### [Work to complete]
All records after this line are to be returned verbatim.

### [Source material]
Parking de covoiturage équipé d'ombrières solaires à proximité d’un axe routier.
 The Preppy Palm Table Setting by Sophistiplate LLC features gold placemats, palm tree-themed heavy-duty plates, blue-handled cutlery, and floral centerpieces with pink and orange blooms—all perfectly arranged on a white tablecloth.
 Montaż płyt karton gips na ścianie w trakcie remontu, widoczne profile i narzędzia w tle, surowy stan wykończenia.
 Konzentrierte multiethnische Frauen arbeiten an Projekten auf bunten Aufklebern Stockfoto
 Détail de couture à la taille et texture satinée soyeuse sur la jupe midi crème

### [Reply to the exercise]
Parking de covoiturage équipé d'ombrières solaires à proximité d’un axe routier.
 The Preppy Palm Table Setting by Sophistiplate LLC features gold placemats, palm tree-themed heavy-duty plates, blue-handled cutlery, and floral centerpieces with pink and orange blooms—all perfectly arranged on a white tablecloth.
 Montaż płyt karton gips na ścianie w trakcie remontu, widoczne profile i narzędzia w tle, surowy stan wykończenia.
 Konzentrierte multiethnische Frauen arbeiten an Projekten auf bunten Aufklebern Stockfoto
 Détail de couture à la taille et texture satinée soyeuse sur la jupe midi crème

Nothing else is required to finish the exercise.